Re: [PyIndexer] Thoughts on MySQL Implementation
Status: Pre-Alpha
Brought to you by:
cduncan
From: Chris W. <ch...@ni...> - 2001-12-17 12:59:30
|
Casey Duncan wrote: > > This would involve writing the rows to be inserted > into textindex to a temporary file and then using LOAD > DATA to batch load it to mySQL. See the following for > docs on LOAD DATA: > > http://www.mysql.org/documentation/mysql/bychapter/manual_Reference.html#LOAD_DATA Well, my reluctance on this is that it needs a temporary file. Where do we put this temporary file? How do we know we're going to be allowed to write to the filesystem? That said, the only other option is to build a big INSERT INTO tbl_name VALUES (expression,...),(...),... ...and then we have to worry about max. sql length I guess? Anyone know what the maximum length of SQL you can shove down a single c.execute() is? > As the search end, it seems to me that app side > processing will be best for positional matches, such > as for phrases.
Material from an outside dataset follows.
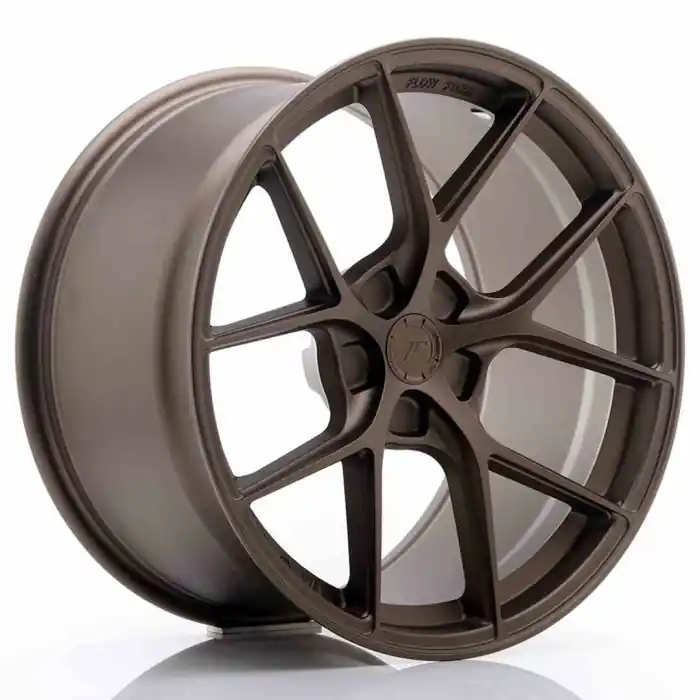 JR Wheels SL01 19x10 ET20-40 5H BLANK Matt Bronz Dostępne od ręki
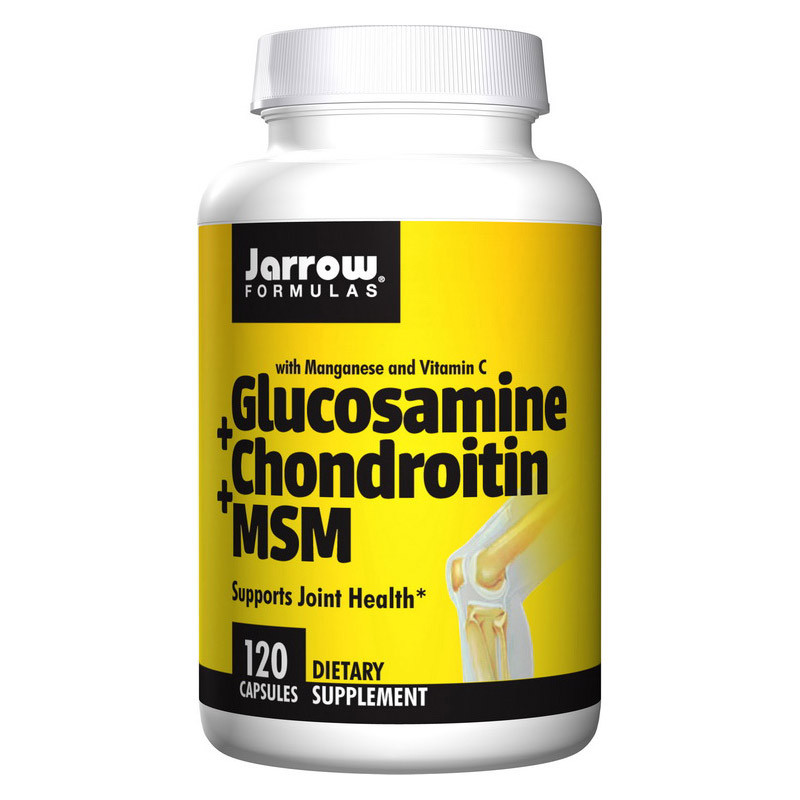 Глюкозамин хондроитин МСМ Jarrow Formulas Glucosamine + Chongroitin + MSM (120 капс) джарроу формула
Глюкозамин хондроитин МСМ Jarrow Formulas Glucosamine + Chongroitin + MSM (120 капс) джарроу формула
Can you elaborate? > I agree that storing a document count for each word > could help with optimizing since you could start with > the smallest dataset first and prune it from there. Does this still hold true when you're OR'ign terms together? > Perhaps IISets could be used to get UNION/INTERSECT > functionality efficiently if mySQL can't do it for > you. I prefer to not require the BTrees module, as it's not part of the standard python library, but if needs must ;-) > As for partial indexes, they may help, especially > reducing memory paging and improving cache usage. Here > are the docs for that: > > http://www.mysql.org/documentation/mysql/bychapter/manual_Reference.html#CREATE_INDEX Thanks :-) Once I get the initial implementation and scalability testing package finalized, mayeb you guys could try some tweakage? > BTW: Have you seen mySQL's built-in full-text indexing > support? > > http://www.mysql.org/documentation/mysql/bychapter/manual_Reference.html#Fulltext_Search Yeah, sadly doesn't do phrase matching :-S We could use this and do the usual cheap hack that ZCatalog does, matching the phrase "x y z" simply gets turned into "x" AND "y" AND "z", but that won't be good enough for the specific application I need the indexer for :-S thanks for the comments :-) Chris |